# To do
Give the listing again exactly, omitting its images.

# Provided data
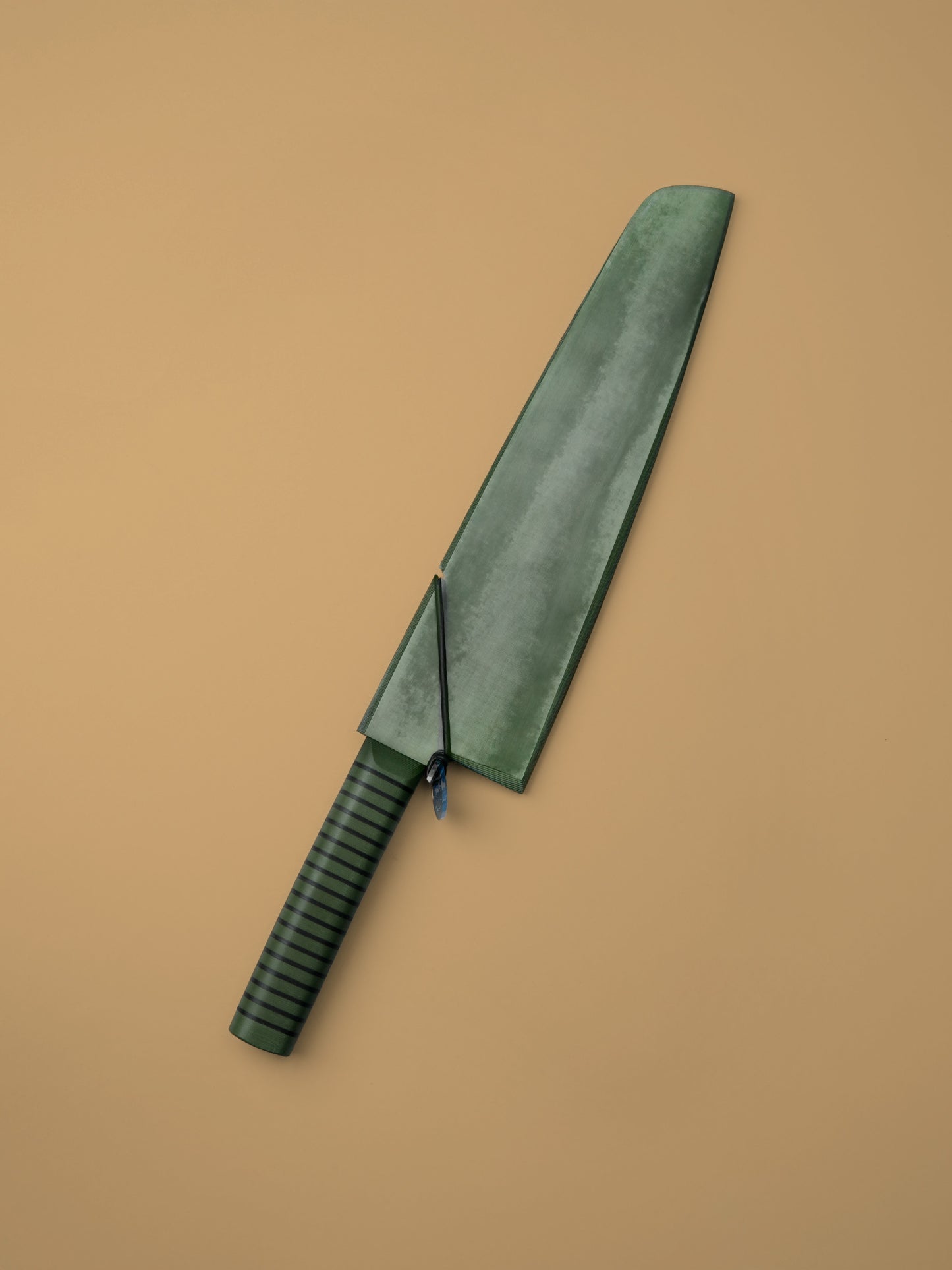 Blade guard for Bread Knife (Green)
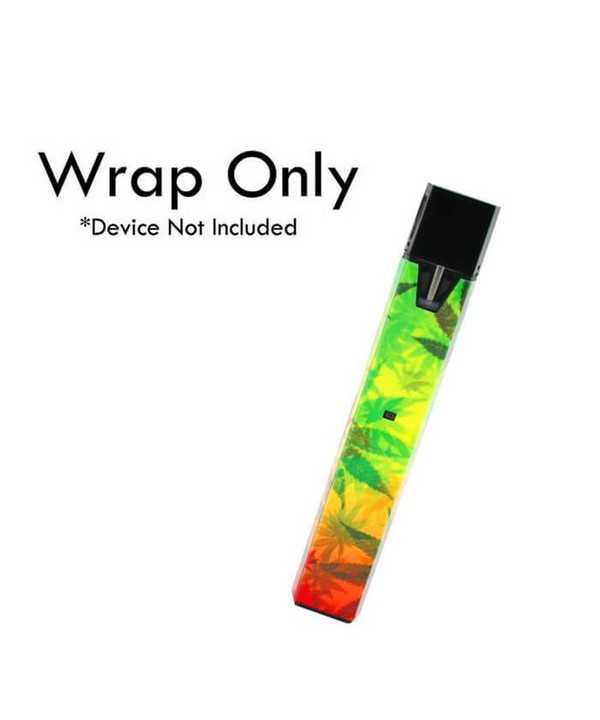 VCG Smok Fit Wraps: Rasta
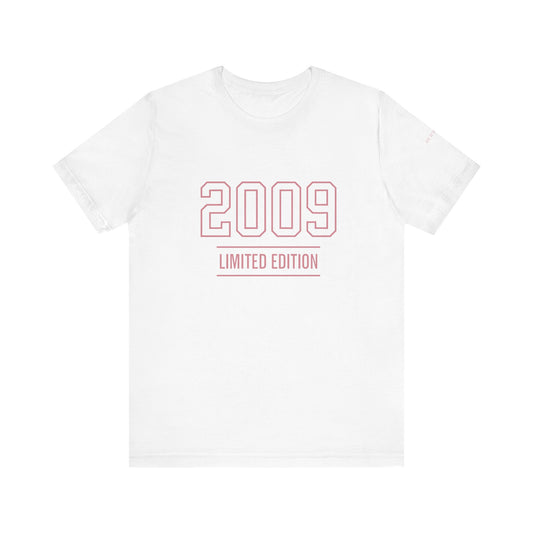 Limited Edition2009 Unisex Jersey Tee, Hermana  Graphic Tee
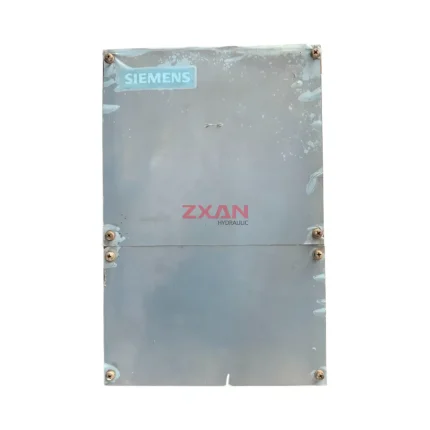 Siemens 6SG6410-2CA75-ZA76 3 Phase AC Controller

# Your response
 Blade guard for Bread Knife (Green)
 VCG Smok Fit Wraps: Rasta
 Limited Edition2009 Unisex Jersey Tee, Hermana  Graphic Tee
 Siemens 6SG6410-2CA75-ZA76 3 Phase AC Controller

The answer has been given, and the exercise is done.